*coughs* *dusts off blog*
I told myself back in December when January, and 2013, were coming around that I was going to blog. do the standard resolution post. and then the first week of January came and went, and the second week, then spring semester started…
and needless to say, I’ve been hiding. from the Internet. I haven’t been on Twitter and Facebook like I used to be; I checked my email once a day then hid again. hiding because I feel like I’m failing the writing community (haha) by not writing (haha). I’m just a nobody. nobody cares about me.
(that’s false; people care. but, I’m still a nobody in the writing community which is totally okay.)

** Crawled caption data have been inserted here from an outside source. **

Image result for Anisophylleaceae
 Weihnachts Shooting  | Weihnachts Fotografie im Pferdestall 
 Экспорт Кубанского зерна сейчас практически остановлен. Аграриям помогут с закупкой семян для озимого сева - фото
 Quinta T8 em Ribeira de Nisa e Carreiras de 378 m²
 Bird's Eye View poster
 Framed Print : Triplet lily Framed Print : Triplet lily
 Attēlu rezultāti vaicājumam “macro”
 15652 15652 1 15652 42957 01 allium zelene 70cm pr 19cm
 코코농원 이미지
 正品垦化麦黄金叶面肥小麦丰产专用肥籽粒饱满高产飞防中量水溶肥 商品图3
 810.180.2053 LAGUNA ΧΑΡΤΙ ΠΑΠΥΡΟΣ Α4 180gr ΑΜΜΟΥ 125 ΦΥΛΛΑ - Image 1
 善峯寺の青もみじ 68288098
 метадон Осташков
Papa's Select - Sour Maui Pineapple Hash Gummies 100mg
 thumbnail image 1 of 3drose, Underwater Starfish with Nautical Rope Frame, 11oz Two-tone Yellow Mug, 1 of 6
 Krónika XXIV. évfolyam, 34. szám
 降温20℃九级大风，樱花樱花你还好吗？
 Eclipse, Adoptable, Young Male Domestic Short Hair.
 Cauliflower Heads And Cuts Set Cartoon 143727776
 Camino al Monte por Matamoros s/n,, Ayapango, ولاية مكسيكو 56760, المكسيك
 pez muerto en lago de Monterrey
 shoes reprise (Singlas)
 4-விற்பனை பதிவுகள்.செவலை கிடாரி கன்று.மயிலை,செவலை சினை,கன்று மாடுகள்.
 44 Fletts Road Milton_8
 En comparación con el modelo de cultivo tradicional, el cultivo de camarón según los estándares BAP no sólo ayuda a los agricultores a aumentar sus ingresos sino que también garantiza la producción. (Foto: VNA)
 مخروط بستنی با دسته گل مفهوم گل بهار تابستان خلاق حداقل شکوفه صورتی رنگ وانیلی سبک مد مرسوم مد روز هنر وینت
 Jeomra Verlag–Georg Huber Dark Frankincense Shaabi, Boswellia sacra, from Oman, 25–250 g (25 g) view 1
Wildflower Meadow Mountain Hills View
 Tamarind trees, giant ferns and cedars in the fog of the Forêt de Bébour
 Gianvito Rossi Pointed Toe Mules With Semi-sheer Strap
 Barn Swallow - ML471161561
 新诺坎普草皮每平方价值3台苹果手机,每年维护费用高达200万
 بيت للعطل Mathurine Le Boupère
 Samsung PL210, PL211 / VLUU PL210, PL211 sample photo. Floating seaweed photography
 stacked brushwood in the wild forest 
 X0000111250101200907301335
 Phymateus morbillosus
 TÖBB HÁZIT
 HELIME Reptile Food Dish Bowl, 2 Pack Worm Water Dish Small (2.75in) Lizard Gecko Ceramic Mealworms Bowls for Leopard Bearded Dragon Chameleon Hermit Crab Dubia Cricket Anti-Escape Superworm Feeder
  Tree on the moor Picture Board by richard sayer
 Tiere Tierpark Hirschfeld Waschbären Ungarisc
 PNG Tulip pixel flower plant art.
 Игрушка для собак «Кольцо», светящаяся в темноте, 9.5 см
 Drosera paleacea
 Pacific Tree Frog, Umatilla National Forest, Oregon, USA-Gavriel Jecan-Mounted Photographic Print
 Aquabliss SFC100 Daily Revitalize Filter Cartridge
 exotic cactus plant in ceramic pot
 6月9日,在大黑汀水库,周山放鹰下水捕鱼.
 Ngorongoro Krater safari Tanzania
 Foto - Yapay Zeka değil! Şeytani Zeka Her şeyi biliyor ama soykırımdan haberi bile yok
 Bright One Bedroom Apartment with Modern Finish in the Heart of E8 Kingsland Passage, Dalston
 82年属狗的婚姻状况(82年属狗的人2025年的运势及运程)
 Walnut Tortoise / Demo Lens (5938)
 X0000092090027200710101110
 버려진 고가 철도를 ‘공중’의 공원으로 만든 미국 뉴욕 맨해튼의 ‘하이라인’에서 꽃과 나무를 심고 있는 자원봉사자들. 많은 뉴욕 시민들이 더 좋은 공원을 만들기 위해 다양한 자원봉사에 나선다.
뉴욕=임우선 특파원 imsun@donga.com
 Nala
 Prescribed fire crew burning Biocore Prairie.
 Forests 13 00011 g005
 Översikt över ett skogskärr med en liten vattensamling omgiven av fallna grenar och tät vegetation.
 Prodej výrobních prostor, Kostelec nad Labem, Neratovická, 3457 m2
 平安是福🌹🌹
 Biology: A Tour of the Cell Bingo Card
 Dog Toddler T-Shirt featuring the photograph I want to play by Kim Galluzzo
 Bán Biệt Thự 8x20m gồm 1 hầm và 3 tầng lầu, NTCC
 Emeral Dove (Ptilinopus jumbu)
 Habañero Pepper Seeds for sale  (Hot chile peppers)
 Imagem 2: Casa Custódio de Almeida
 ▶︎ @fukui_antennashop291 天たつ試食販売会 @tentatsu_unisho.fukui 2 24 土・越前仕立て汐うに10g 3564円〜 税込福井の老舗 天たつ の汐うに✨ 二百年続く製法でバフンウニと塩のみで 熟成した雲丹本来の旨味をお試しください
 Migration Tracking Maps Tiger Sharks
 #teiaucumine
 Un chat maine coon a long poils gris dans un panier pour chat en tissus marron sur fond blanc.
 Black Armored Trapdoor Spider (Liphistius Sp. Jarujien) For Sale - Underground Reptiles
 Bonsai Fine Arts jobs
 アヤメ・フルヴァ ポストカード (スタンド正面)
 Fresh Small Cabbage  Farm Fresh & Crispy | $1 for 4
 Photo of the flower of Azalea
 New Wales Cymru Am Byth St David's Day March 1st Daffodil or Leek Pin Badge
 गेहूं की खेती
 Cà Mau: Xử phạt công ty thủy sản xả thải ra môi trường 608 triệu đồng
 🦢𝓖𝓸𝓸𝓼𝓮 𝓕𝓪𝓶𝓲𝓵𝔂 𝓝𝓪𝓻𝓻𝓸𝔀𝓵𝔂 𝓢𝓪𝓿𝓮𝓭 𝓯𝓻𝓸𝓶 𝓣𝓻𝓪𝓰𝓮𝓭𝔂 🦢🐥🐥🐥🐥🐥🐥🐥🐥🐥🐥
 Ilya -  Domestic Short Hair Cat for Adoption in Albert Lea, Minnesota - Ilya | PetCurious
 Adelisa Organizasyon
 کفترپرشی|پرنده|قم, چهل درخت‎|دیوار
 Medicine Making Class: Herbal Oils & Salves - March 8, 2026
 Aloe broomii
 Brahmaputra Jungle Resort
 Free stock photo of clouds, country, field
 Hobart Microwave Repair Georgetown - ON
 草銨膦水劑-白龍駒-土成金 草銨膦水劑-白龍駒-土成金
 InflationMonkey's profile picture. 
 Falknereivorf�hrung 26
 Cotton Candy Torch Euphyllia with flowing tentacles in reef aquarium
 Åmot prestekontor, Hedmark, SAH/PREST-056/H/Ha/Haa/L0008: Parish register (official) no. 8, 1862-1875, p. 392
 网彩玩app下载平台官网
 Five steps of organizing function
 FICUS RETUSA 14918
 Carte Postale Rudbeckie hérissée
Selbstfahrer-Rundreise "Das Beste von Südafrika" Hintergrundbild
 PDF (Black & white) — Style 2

it’s taken me four months to get the courage to write. I’m afraid of failing. I’m afraid of writing a sucky first draft. I like perfection. I strive for it. so it’s hard for me to think, “yes, I can probably fix this but I AM GOING TO GO FORWARD INSTEAD.” (backwards. I write backwards.)
so here I am. it’s April 1. (a day I hate; I am already paranoid that people are pranking me, why is there a day FOR pranks?) I’m writing again. I’m trying not to think, “holy shitballs this thing SUCKS.”
because it does, but I can’t fix it yet. not yet.
also, the best news? I’m going part-time in the fall. getting a degree is my plan b, it always has been. it’s my safety net for when (if) I fail at this writing thing. so I need to get a degree.
but I also need to work on plan a: write a book. write a decent book. revise the shit out of that book. get an agent. sell a book. go through the publishing process with that book. sell another one and another one and another one, etc.
so it’s April 1. it’s a new month. I have five weeks left of this semester. do I have a lot of work ahead of me? oh hell yeah. but I also plan on having a first draft done in two months. goddamn am I going to be busy. and goddamn am I probably going to hate myself by the end of this semester.
but I’m writing and I have that itch to write. I’m happy. yesterday I didn’t write at all (I did homework while J was at work, then we went on a hike.) and felt so guilty. which, hey, that’s a good sign. I hope to keep this up.
a new month. I have a fresh start. I can and will write every day. I don’t need a word limit, since I have time limits (between classes, before work, etc.) as long as I get words down on the page, I’m happy.
and by the end of May, I should have a really sucky first draft. and I’ll be happy with it, damnit.